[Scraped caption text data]
- Opening Delimiter -
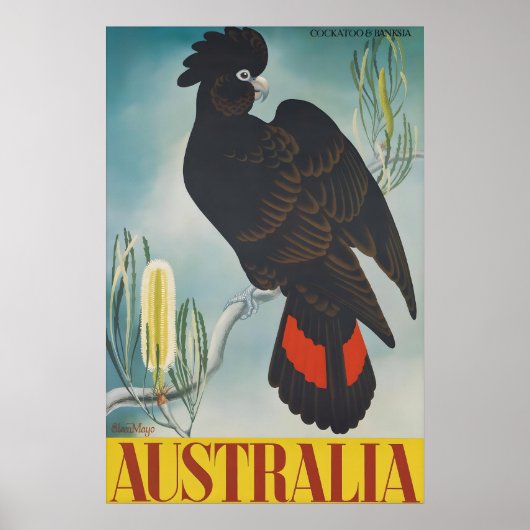 Oude Australië Reisposter Zwarte Kaketoe Poster (Voorkant)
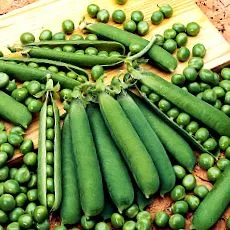sativum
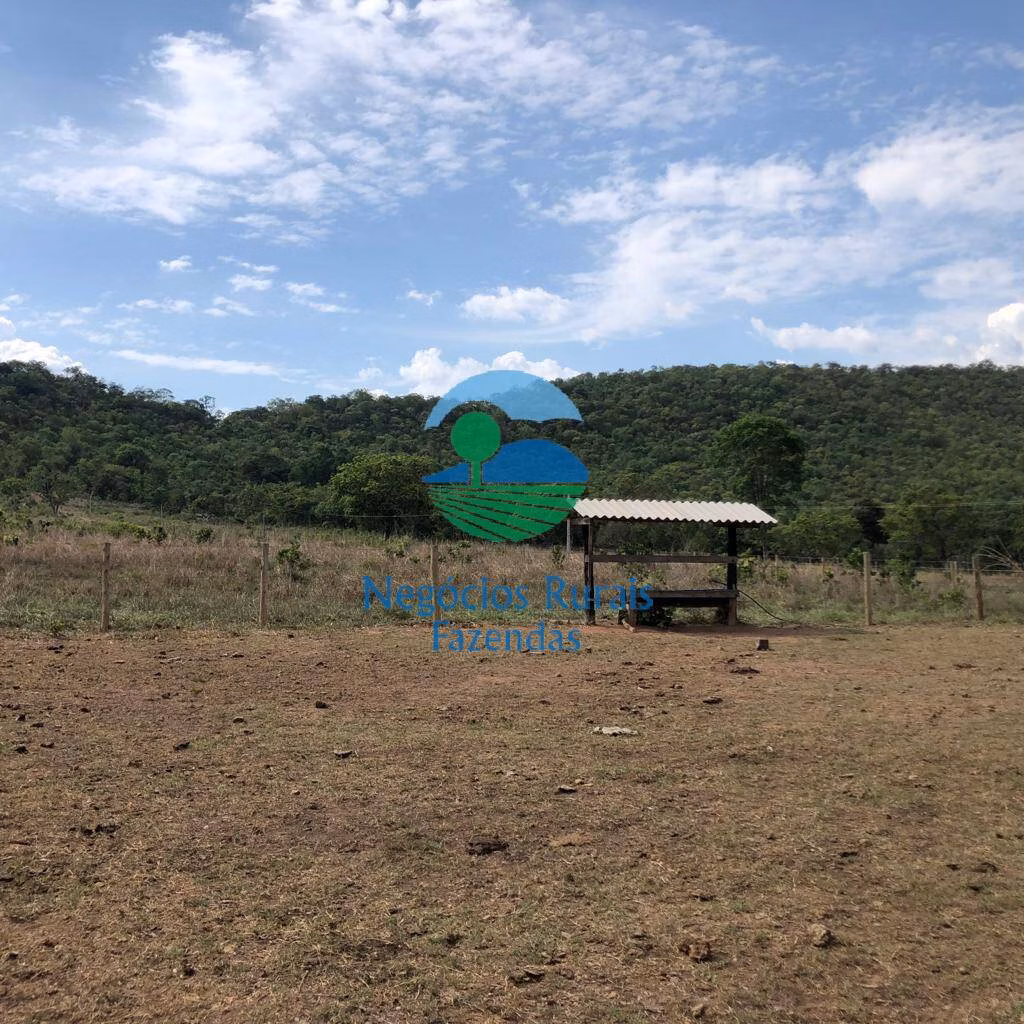 Fazenda de 484 ha em Jaú do Tocantins, TO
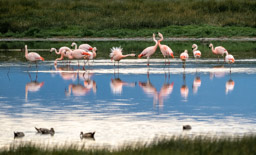 Chilean Flamingo - Reserva Laguna Nimez, Calafate, Argentina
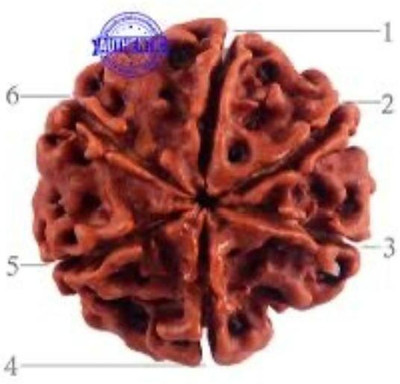Rudraksham 6 Mukhi Rudraksha ( Nepali ) Wood Pendant Set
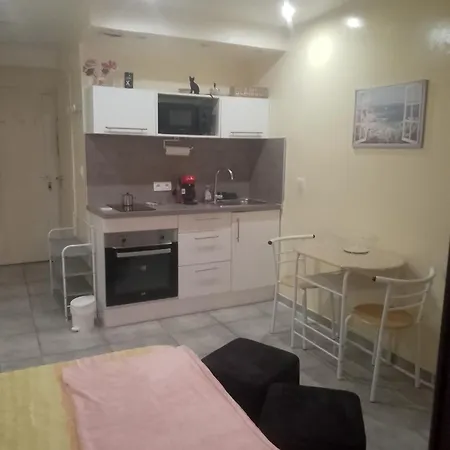 Apartment Alice Cannes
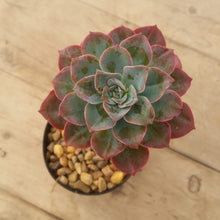 Load image into Gallery viewer, Echeveria bicolor var. bicolor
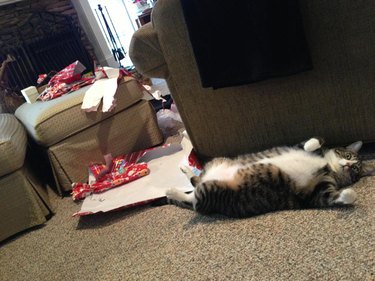 Cat opened all the Christmas presents!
- Closing Delimiter -
YOUR OBJECTIVE
Type out each line of the records above exactly, skipping any pictures.

RESULT FOR THIS EXERCISE
 Oude Australië Reisposter Zwarte Kaketoe Poster (Voorkant)
sativum
 Fazenda de 484 ha em Jaú do Tocantins, TO
 Chilean Flamingo - Reserva Laguna Nimez, Calafate, Argentina
Rudraksham 6 Mukhi Rudraksha ( Nepali ) Wood Pendant Set
 Apartment Alice Cannes
 Load image into Gallery viewer, Echeveria bicolor var. bicolor
 Cat opened all the Christmas presents!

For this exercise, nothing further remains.